-------- SUPPLIED MATERIAL --------

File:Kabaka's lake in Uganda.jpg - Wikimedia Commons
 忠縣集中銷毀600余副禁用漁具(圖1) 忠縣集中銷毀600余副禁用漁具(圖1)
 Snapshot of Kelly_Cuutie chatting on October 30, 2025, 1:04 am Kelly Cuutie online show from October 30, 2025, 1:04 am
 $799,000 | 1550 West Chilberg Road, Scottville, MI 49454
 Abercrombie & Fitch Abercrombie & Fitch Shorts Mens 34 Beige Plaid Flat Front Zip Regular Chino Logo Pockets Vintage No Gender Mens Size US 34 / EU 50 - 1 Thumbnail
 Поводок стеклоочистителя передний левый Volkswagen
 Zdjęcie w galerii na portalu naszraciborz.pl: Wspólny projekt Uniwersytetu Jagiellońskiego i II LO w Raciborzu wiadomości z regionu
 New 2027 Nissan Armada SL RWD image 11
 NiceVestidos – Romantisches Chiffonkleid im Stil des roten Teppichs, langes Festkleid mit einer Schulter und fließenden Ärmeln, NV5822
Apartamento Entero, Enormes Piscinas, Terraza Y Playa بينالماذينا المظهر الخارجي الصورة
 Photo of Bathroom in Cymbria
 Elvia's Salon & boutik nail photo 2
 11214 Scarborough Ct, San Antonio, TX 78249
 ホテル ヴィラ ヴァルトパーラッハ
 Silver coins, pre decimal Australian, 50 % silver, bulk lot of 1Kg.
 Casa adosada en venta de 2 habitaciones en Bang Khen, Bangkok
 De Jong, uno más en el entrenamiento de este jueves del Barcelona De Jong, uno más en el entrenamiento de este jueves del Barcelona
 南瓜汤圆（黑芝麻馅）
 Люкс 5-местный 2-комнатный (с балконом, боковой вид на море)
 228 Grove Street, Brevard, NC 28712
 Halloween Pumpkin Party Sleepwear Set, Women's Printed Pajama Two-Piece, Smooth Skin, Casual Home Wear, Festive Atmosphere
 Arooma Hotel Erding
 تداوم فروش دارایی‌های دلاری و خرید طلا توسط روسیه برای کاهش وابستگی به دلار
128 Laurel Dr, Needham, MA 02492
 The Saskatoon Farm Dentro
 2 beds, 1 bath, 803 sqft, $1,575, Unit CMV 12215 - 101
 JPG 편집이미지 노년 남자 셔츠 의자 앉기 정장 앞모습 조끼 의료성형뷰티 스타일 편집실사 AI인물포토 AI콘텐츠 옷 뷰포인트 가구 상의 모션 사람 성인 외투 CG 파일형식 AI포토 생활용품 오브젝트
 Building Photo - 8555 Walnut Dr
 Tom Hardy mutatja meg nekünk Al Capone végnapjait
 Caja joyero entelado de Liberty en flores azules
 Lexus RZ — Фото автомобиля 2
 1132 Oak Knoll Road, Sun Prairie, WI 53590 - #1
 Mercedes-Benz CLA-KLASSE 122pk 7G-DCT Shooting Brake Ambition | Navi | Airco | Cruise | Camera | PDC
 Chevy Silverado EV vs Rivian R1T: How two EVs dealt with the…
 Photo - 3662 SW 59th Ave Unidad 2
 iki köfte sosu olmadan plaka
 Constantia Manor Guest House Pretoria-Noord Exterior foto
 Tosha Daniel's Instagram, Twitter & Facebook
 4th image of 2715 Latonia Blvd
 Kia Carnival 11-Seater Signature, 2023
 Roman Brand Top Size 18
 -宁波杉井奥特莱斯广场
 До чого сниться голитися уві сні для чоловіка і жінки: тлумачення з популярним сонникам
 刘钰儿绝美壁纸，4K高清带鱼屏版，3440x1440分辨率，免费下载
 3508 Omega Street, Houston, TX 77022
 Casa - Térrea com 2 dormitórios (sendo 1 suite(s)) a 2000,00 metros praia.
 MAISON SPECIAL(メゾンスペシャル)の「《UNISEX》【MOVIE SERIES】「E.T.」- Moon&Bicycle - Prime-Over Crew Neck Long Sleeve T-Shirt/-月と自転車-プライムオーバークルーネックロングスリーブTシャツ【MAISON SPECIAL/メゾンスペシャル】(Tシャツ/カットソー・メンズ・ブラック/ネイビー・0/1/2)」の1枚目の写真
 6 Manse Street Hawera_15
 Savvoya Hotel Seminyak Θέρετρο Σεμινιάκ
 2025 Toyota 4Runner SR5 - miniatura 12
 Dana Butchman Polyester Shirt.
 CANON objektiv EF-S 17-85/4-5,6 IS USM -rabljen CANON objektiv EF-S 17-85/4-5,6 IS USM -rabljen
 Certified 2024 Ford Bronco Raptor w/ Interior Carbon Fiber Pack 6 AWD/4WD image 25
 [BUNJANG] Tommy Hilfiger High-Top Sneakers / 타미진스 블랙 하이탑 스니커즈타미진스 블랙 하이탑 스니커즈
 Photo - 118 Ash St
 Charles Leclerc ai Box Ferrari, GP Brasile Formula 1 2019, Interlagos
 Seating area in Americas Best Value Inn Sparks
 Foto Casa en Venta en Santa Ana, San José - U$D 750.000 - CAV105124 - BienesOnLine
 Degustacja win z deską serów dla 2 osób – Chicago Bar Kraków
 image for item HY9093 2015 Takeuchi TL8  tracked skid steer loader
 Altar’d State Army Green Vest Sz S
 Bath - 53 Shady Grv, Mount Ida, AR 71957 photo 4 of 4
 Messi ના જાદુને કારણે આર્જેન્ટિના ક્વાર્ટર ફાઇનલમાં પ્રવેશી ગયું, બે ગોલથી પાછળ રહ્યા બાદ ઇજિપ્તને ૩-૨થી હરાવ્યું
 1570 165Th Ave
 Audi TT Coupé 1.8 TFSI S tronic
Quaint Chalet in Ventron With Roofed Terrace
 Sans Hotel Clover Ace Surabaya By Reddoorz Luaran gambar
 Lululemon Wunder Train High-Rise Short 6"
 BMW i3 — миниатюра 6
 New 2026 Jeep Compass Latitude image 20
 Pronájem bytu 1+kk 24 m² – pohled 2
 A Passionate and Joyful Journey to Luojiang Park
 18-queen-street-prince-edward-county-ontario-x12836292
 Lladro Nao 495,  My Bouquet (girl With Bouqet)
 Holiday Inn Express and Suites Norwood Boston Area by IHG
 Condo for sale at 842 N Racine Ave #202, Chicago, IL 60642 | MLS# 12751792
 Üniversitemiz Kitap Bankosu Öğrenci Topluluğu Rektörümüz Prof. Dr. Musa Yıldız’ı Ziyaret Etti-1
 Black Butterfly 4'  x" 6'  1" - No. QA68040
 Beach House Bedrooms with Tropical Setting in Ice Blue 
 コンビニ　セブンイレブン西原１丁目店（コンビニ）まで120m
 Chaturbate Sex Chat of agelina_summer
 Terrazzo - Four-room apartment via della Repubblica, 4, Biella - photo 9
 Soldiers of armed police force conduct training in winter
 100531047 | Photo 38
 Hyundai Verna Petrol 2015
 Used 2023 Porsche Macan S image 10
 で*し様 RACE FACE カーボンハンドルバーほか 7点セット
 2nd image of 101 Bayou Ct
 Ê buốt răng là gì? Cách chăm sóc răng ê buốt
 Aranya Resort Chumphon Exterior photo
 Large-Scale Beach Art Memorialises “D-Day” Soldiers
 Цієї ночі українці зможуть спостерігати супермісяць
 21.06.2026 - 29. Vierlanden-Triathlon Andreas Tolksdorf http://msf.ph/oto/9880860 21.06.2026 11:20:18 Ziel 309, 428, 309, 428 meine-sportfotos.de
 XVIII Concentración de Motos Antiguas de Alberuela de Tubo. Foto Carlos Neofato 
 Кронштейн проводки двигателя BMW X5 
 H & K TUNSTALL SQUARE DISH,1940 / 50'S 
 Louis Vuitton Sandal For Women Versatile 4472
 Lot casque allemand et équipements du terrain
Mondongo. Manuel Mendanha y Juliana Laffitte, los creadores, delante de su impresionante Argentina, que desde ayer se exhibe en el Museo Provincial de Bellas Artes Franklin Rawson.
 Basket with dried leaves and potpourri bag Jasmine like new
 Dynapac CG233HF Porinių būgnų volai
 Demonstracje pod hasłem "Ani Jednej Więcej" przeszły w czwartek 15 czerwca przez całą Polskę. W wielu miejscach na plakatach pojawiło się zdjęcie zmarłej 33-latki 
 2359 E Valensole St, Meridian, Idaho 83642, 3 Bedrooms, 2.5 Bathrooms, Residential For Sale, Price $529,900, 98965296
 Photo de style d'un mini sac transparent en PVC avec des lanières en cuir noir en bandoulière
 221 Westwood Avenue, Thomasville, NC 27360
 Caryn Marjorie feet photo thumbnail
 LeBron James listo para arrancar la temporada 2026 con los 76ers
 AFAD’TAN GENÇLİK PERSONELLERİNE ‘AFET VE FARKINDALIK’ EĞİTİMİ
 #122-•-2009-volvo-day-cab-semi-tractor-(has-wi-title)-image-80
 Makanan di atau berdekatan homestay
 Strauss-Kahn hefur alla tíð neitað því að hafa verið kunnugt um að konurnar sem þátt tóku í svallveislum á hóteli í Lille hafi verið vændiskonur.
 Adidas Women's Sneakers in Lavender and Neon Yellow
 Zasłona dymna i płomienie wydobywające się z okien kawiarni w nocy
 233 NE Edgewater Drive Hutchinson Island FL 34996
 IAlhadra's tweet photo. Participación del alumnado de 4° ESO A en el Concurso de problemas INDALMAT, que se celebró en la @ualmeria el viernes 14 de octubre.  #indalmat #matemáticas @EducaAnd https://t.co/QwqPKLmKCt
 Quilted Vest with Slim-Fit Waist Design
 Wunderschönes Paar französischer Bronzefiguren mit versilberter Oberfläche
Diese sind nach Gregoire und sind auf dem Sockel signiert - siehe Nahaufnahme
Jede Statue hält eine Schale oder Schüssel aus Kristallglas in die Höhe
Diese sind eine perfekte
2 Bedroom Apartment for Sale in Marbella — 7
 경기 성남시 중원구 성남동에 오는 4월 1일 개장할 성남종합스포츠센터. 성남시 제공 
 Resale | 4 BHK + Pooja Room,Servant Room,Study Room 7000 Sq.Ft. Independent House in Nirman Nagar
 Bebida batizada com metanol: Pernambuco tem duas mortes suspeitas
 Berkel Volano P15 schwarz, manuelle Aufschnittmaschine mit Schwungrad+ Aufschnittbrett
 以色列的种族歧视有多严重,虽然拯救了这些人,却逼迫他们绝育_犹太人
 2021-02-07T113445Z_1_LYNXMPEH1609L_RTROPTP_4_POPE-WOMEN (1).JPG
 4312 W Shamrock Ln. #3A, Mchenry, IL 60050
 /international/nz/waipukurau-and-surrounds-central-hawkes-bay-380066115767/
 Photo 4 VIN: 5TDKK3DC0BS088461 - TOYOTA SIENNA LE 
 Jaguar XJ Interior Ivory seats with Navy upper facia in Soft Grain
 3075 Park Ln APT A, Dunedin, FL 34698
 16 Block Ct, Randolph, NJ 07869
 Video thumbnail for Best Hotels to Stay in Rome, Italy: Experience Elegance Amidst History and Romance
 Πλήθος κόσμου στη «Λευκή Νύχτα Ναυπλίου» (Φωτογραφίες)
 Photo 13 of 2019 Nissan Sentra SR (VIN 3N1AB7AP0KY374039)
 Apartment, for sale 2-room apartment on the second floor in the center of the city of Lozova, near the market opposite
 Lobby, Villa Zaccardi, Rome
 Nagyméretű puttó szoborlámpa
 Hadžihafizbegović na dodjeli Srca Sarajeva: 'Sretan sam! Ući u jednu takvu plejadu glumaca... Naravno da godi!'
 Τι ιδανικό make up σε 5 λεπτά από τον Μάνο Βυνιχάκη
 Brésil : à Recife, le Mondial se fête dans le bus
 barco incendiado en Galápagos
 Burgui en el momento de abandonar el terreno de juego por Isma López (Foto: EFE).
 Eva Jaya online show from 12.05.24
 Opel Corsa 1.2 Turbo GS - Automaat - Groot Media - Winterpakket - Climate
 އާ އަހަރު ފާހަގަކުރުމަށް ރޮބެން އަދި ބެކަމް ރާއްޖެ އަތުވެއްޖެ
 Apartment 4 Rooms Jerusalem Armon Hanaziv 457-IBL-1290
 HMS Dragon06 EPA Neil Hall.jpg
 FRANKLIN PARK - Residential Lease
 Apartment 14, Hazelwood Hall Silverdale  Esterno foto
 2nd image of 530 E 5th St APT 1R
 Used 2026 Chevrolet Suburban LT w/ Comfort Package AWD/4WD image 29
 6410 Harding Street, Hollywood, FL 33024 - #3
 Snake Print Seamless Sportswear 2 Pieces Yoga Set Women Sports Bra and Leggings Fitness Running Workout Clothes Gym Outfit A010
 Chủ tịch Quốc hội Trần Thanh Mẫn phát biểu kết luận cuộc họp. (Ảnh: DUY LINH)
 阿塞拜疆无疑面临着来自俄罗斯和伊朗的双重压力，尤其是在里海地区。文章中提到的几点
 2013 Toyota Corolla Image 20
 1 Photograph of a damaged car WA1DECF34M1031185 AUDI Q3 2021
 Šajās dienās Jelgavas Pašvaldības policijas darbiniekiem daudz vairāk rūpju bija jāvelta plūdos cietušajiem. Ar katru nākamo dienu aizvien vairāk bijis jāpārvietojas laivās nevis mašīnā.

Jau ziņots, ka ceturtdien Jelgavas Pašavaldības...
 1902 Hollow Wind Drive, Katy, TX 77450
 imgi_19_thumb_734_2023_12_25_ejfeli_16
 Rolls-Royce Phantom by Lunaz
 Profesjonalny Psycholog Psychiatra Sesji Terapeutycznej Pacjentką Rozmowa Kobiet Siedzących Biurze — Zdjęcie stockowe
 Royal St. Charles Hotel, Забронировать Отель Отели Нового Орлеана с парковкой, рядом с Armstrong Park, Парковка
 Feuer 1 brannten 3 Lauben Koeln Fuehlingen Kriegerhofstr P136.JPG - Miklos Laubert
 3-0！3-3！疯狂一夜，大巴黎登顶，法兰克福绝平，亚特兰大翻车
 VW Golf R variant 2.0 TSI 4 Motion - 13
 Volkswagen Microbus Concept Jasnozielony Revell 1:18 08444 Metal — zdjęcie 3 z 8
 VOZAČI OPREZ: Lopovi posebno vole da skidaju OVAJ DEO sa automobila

--------

--- PROBLEM TO SOLVE ---
Would you copy, unchanged, the stretch of the records above that begins at the line containing "2nd image of 101 Bayou Ct" and ends at the line containing "21.06.2026 - 29.", and only that?

--- RESPONSE BOX ---
 2nd image of 101 Bayou Ct
 Ê buốt răng là gì? Cách chăm sóc răng ê buốt
 Aranya Resort Chumphon Exterior photo
 Large-Scale Beach Art Memorialises “D-Day” Soldiers
 Цієї ночі українці зможуть спостерігати супермісяць
 21.06.2026 - 29. Vierlanden-Triathlon Andreas Tolksdorf http://msf.ph/oto/9880860 21.06.2026 11:20:18 Ziel 309, 428, 309, 428 meine-sportfotos.de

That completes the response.